Au cours d’une plaidoirie à peine moins longue, l’après-midi, son confrère Me Alexandre Martin confie avoir autant "attendu" que "redouté" ce moment, certain pourtant de devoir "combattre jusqu’à sa dernière phrase". "Ce procès est en lui-même vicié. C’est dérouler un tapis rouge à l’erreur judiciaire que d’accepter même qu’il se tienne", entame-t-il.

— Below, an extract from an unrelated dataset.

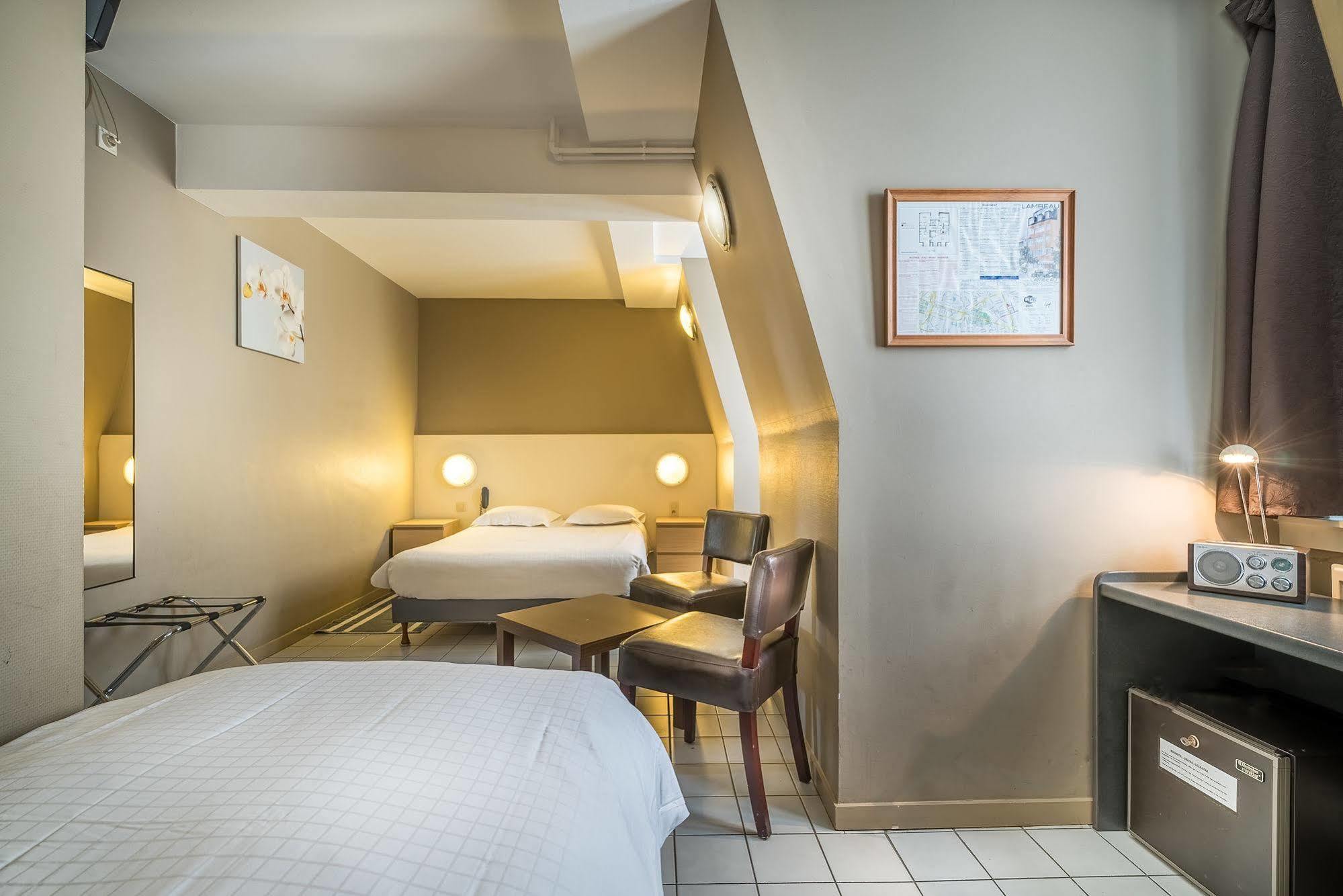 Hotel Lambeau Etterbeek Exterior foto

Il l’annonce d’emblée, s’il se tient à la barre, c’est pour parler de "Cédric" aux jurés, "de ce que vit depuis le 16 décembre 2020" cet homme qu’on "épie", qu’on "scrute" et qu’on "accuse" dès le départ, aujourd’hui "présenté comme un coupable, dans sa cage en verre".

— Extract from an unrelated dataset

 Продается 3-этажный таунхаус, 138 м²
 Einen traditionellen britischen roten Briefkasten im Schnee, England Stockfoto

"Quatre ans et demi d’isolement, seul dans une cellule de 9m2, il ne parle qu’aux murs, ou aux fantômes sans visages des cellules d’à côté. Quatre ans et demi qu’il a pour plaisir, une heure par jour, de regarder le ciel grillagé. Quatre ans et demi qu’il n’a pas vu un carré d’herbe. Quatre ans et demi qu’il n’a pas senti l’odeur de la campagne qu’il aimait tant. Vous voulez qu’on sorte indemne d’un tel traitement?", interroge l’avocat.

"L'exigence" plutôt que la "compassion"

Me Alexandre Martin déploie enfin le portrait d’un homme "seul", dont le père ne s’est jamais occupé, placé en famille d’accueil puis en foyer. Plus tard, Cédric Jubillar est battu par le nouveau compagnon de sa mère. "Maltraité" mais "résilient", personne n’a jamais vu Cédric Jubillar céder violemment à la colère, affirme son avocat. Mais, estime-t-il, selon l’accusation, "il faudrait imaginer que Cédric Jubillar va exploser, commettre un crime passionnel".

"Il faudrait imaginer un autre personnage? Pourquoi?", demande-t-il à la cour.

Dans son box, celui dont on parle est fidèle à lui-même. Il écoute ce que déroule son avocat, sans pour autant réprimer quelques bâillements. Alors que pendant quatre semaines d’audience, nul ne l’a vu céder, son avocat indique: "Il a dû beaucoup pleurer, Cédric. Peu de gens l’ont vu. Il a droit à sa pudeur."

Quant aux jurés, qui auront le dernier mot le lendemain, Me Martin les implore d’être "exigeants" et de ne pas laisser la "compassion" guider leur décision, même si "nul n’est insensible à la douleur de la famille Aussaguel". Le jury, composé de quatre hommes, deux femmes et trois magistrats se prononceront vendredi, mettant un terme à quatre semaines d’un procès hors-normes.